両儀
「それにしても傑作だよな」
船の甲板では、瑞鳳が腹を抱えて大笑いしている。俺は聞こえないふりをして、洋上の周囲を警戒する。海を割るように進む船の威容は普段なら爽快だろうが、今はろくに目に入らない。
女王蜂が貸してくれたのは大型のクルーザーだった。一部始終を盗み聞きしていた瑞角が運転してみたいと言い出したので、連れてきた。瑞鳳は単なる野次馬の徒である。
「あー、おっかしー。結婚式で花嫁さらわれる間抜けが本当にいるなんてね。そんな奴、映画の中にしかいないと思ったよ」
「おい、やめろよ、瑞鳳。本人の前で。これは、悲劇じゃないか、ぷぷっ……」
瑞角が無闇に舵を切ったせいで、水飛沫が激しく俺の頬にかかった。かっとなって、二人を怒鳴りつける。
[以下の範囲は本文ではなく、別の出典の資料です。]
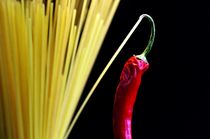Pasta und hot Chili  by Tanja Riedel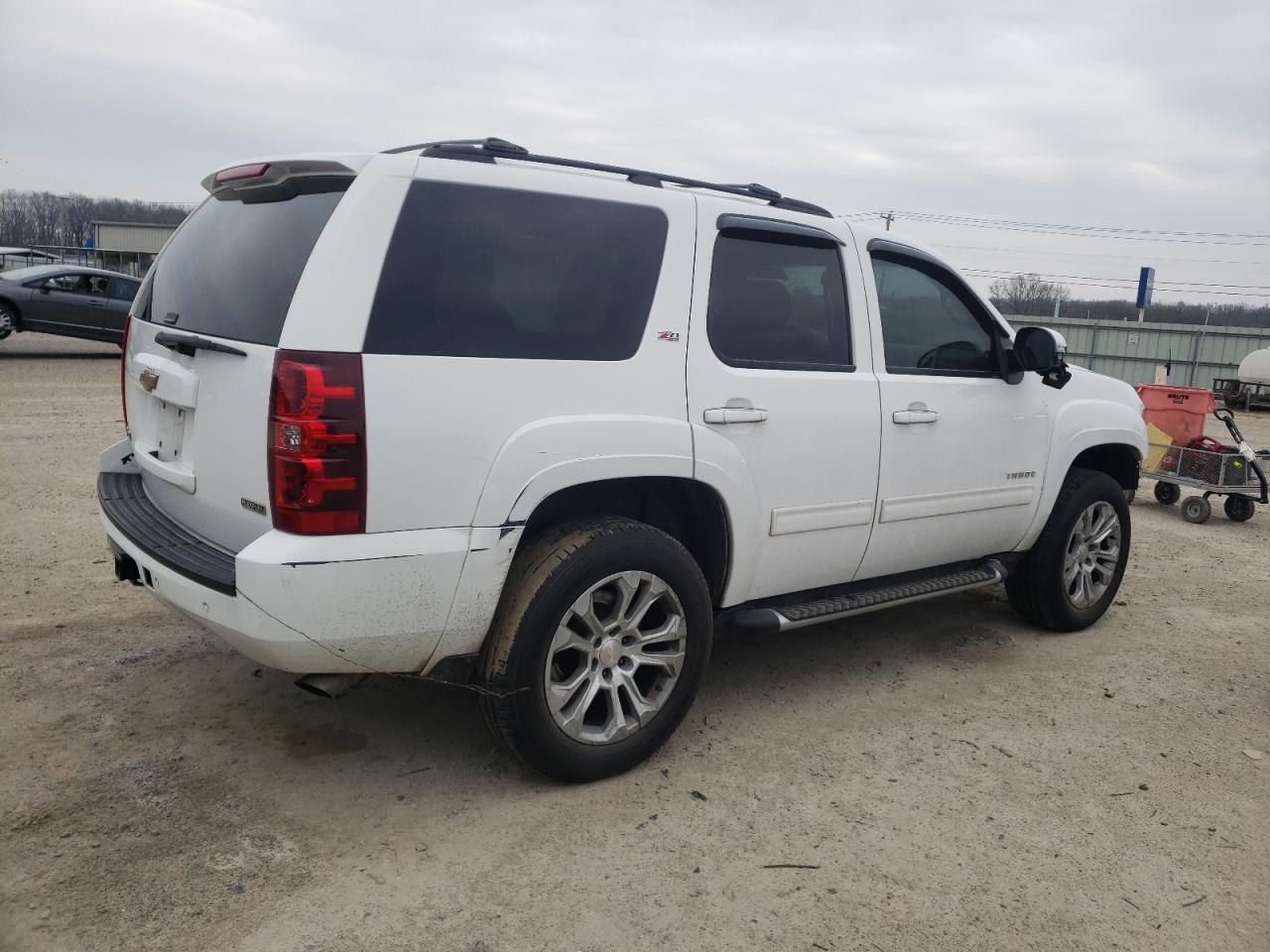 2011 Chevrolet Tahoe - Image 3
「遠足に行くんじゃねえんだぞ! 瑞角、瑞鳳。これは職務の一貫だ。もっと緊張感を持て」
「へーい、へい。わかってますよ」
どれだけ厳しく命令しようと、二人に伝わることはない。彼らには、リヒターがアテナを連れ去ったことを伏せている。二人ともリヒターを深く尊敬している。それを考えれば、連れてくるべきではなかった。
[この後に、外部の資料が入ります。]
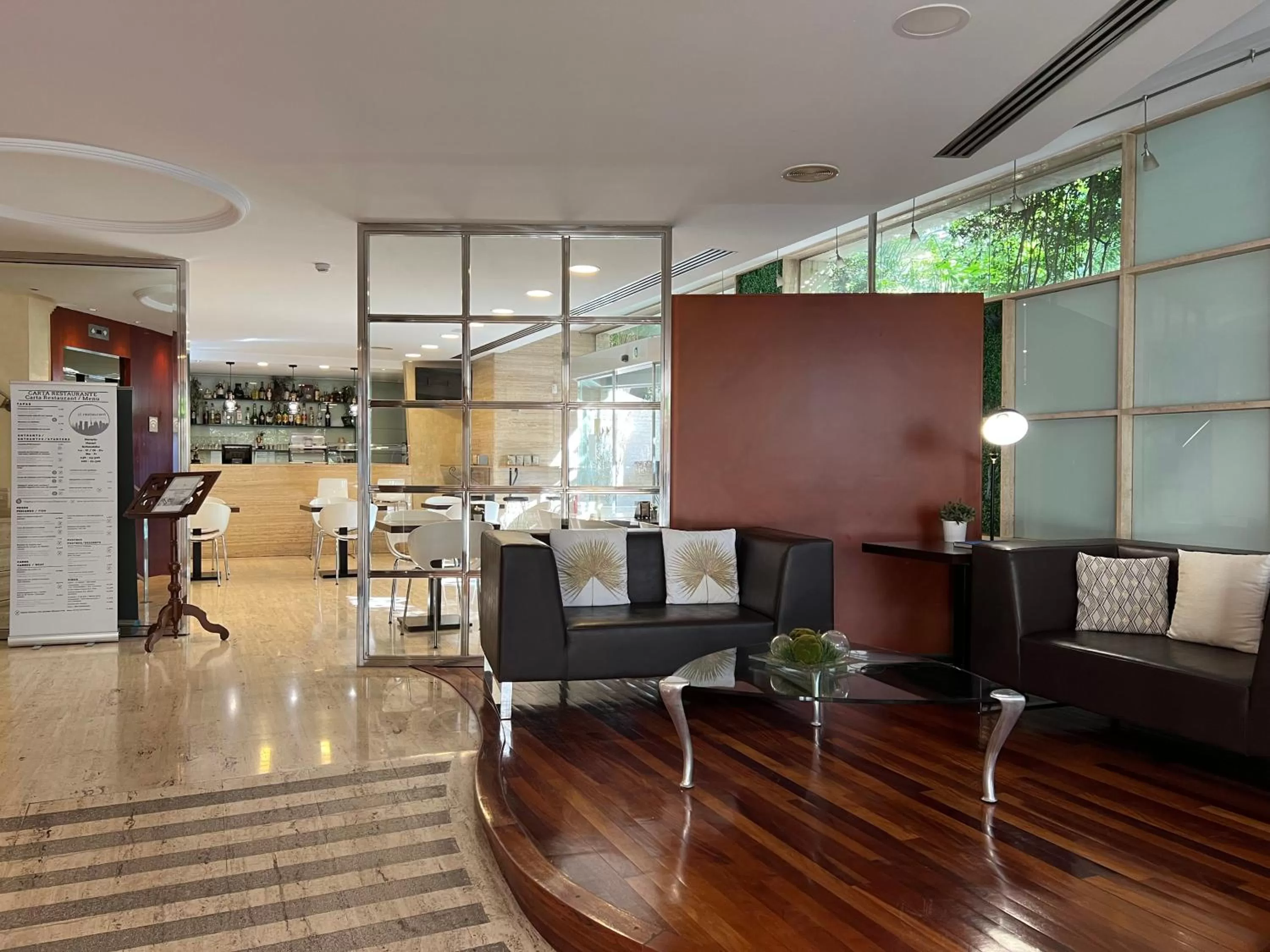 Restaurant/places to eat in Vilana Hotel Boutique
「それにしても悪鬼島ねえ。よりにもよって。ショータは行ったことないんだよね。怖くないの?」
瑞鳳が知っていてわざと嫌な質問をしてくる。二人とも、かつての俺の行動に納得がいかないのだ。
「怖い。地の利は向こうにあるからな。だが、今回は逃げるわけにはいかない」
俺の一見勇敢な答えは、二人の許しを得るどころかより反感を買ったようだ。無理もない。組織よりアテナの方が大事だと言っているようなものだったからだ。
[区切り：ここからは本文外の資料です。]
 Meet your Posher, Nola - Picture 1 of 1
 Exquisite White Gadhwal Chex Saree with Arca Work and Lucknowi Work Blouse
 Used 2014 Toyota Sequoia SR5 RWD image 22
「もし、竜王を退治しちゃったらさ。捕らわれの花嫁を取り返したショータは英雄じゃん。上手くやるよなあ」
俺は悪役でも英雄でもなんでも構わない。アテナを救えれば。そもそもリヒターたちが悪鬼島に渡った理由に思い至らない。今の竜王に交渉の余地があるはずもなく、死にに行くようなものだ。俺の知らないアテナの神官としての役割があって、何かをさせようとしているなら見過ごすわけにはいかない。
「英雄か。それも悪くないな。どうせ俺はここで」
言い終わる前に、瑞鳳が俺の両肩を掴んで押し倒した。歯を食い縛り、顔を殴りつけてくる。もうこいつを振り払う力もないか。情けないことだ。
「正直、僕はあんたがどうなろうが知ったことじゃない。でも閣下は違うよ。いつもあんたを気にかけてた。その信頼をまた足蹴にするなんて許さないからな」
瑞鳳の言うとおりだ。俺は何度もリヒターの信頼を裏切り、傷つけた。これがその報いだとしても、文句は言えないのかもしれない。だとしても、
「そんなもん知るか。あいつのそういう恩着せがましい所が嫌いなんだ。俺の前に立ちはだかるなら、リヒターだろうが、お前だろうが殺すぞ」
口にたまった血を顔にはきかけると、興奮した瑞鳳は刀を抜きにかかる。やはりこいつらを連れてこなければよかった。仲間を手に掛けるのは後でひどく堪える。
「仲間内で死闘は御法度」
船を止めた瑞角が俺たちの頭に海水をぶっかけた。塩辛い水が傷に沁みる。
「僕はショータが振られてしょげるのを見物しに来てるんですよ。瑞鳳もそうだろ」
「あ、ああ……、そうだね」
二人は離れた所で話し合っていたが、思いとどまってくれたらしかった。無言のまま航行が再開される。
「なんでああいう言い方しかできないんですかね」
俺は瑞鳳から離れて運転席に身を寄せていた。瑞角が唇を尖らせている。
「俺も驚いた。瑞鳳もああいう熱い所があるんだな」
「ちげえよ。あんただあんた。他にいないでしょ」
我が身を省みても責められる理由に思い至らない。
「僕は瑞鳳よりあんたと長く一緒にいるからわかるんだ。擁護するわけじゃないけど、あんたわざと嫌われるようなことしてるだろ。わけわかんねえよ。そんなの何の意味があるんです」
女王蜂は俺を仏のようだと言った。人間は両犠牲を秘めている。俺は鬼でもあるし、仏でもある。
「その話は後にしよう。お出迎えだ」
減速する船の行く手には、巨大な鳥居がそびえ立っており、周りには船の残骸がひしめいていた。鳥居の上に人影が見える。
アッシュブロンドのツインテールを風にたなびかせ、俺たちの行く手を遮る刺客が現れた。